The above is highly influenced by elements such as building surfaces, furniture, design materials, people, and space layout. “This is why spaces that are full of highly reflective surfaces — e.g. concrete floors, open ceilings, brick walls, windows, and glass — tend to be uncomfortably loud”, Steve Johnson, founder ADI Workplace Acoustics, told Knoll. This happens because these surfaces create a bandshell effect when sound transfers from one place to another.
“Sound is being concentrated and directed off reflective surfaces and creating a megaphone effect. (…) A narrow corridor of glass, tile, concrete and/or other hard surfaces can funnel sound from a loud area to a quieter one.”

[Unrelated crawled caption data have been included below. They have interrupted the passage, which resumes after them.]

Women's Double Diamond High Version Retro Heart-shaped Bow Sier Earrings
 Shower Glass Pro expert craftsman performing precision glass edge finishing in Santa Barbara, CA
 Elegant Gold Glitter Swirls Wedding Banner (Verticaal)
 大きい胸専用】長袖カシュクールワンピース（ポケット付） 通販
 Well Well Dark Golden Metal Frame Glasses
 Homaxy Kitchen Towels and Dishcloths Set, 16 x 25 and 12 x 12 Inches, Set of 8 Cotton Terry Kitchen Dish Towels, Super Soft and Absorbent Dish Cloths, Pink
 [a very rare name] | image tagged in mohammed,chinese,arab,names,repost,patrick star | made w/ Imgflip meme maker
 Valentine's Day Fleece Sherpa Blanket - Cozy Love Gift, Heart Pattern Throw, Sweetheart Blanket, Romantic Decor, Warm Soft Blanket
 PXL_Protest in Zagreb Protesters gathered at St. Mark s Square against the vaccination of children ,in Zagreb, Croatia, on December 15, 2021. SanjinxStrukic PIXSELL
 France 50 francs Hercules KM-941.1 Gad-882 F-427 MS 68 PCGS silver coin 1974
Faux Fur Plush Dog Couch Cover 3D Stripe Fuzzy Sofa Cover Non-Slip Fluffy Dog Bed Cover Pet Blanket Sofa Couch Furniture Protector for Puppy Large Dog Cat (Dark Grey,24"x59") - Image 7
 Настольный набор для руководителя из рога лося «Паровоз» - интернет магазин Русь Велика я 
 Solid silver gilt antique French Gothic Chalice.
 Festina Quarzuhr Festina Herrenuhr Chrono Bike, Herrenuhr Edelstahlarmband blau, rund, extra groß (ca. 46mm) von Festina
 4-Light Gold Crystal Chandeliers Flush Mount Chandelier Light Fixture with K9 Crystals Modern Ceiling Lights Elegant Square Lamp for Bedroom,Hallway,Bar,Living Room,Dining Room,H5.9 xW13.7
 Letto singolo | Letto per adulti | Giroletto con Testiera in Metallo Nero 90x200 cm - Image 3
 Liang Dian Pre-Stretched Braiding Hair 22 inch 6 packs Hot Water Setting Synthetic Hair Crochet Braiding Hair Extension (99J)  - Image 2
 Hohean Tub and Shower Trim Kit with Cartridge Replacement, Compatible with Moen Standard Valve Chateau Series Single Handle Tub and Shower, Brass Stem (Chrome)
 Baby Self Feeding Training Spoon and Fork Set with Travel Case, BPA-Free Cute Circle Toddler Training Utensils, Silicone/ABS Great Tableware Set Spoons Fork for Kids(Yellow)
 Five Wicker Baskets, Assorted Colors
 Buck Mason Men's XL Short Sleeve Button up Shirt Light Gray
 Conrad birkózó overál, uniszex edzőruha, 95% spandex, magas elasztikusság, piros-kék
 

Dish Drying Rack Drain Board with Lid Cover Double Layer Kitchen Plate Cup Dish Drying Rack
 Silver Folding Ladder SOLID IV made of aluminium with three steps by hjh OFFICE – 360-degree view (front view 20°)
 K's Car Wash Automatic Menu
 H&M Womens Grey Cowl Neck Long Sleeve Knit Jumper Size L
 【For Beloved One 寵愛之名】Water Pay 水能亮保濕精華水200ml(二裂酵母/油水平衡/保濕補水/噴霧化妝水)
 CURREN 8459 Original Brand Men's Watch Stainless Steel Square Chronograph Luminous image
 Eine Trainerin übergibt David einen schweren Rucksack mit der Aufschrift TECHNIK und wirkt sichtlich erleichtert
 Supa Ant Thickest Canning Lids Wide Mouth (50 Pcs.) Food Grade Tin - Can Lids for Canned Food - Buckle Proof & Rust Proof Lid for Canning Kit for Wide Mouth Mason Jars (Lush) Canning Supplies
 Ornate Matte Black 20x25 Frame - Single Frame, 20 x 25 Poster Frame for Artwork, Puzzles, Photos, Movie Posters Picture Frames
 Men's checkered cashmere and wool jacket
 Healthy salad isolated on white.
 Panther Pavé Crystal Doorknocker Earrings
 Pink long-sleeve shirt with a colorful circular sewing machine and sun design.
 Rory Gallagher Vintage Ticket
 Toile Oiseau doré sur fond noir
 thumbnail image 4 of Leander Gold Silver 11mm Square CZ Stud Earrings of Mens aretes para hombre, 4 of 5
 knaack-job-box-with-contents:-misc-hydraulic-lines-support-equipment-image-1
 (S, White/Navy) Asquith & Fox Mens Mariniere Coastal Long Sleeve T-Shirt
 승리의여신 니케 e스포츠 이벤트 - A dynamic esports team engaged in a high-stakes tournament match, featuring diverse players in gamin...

This is why “good acoustics requires managing the paths that sounds travel between.”
The ABC of Acoustics
Noise absorption refers to the act of minimizing noise by absorbing sound levels through the use of “porous materials that catch and hold the sound rather than bounce it back”.
This type of material can be used in ceilings, floors, walls, furnishings, accessories, workstation elements, and fabrics.
“High ceilings create reverberant acoustics that blur voices in the distance”, they allow people to have face-to-face conversations without their voices being intelligible a few feet away. If your flexible workspace doesn’t have a high ceiling, you should consider using hanging baffles, suspended ceiling tiles, or acoustic foam in order to absorb sounds.
When it comes to the floor, embrace carpets, especially if your floor is covered by hard surfaces. As for walls, decorations, accessories, and furniture, there are various sound absorbing materials and decorations that can be easily incorporated into a workplace without sacrificing design and aesthetics. Also, plants are your friends when it comes to sounds, so make sure you’re giving your workplace some green life.
Pro tip: sound should be captured as close to the source as possible.
There can’t be any unwanted noise levels if you’re blocking sounds in the first place.
Sound blocking, therefore, is managing noise by avoiding sounds. This can be done by designated quiet areas (like trains and libraries do). “Blocking sound in select locations and separating noise-generating activities from quieter ones helps manage noise and improve speech privacy in an open office.”
This is why it’s important that a coworking space balances “me” and “we” spaces.
Another strategy to block sound is to break up workspace areas. Instead of having one huge open plan room where you can fit 150 people, break the room up into three areas that can accommodate 50 people. These areas should be, ideally, separated with a meeting room, fabric panels, carpet expanse, partitions, bookshelves, or plants.
Pro tip: isolate copiers, shredders, and other noise-generating machines from open areas.
Covering sound is about masking noise with sound generation equipment. Covering doesn’t mean eliminating. Johnson told Knoll that in order to cover noise, the sound “doesn’t need to disappear 100%, it just needs to disappear enough that it’s not drilling into our consciousness.”
Covering is about “creating organic sound that people are accustomed to hearing”, such as nature sounds. Knolls calls this type of noise pink noise, which is different from white noise as pink noise is “smoother and more soothing across all frequencies.”
And if the above fails, there’s always the option of using high quality headsets.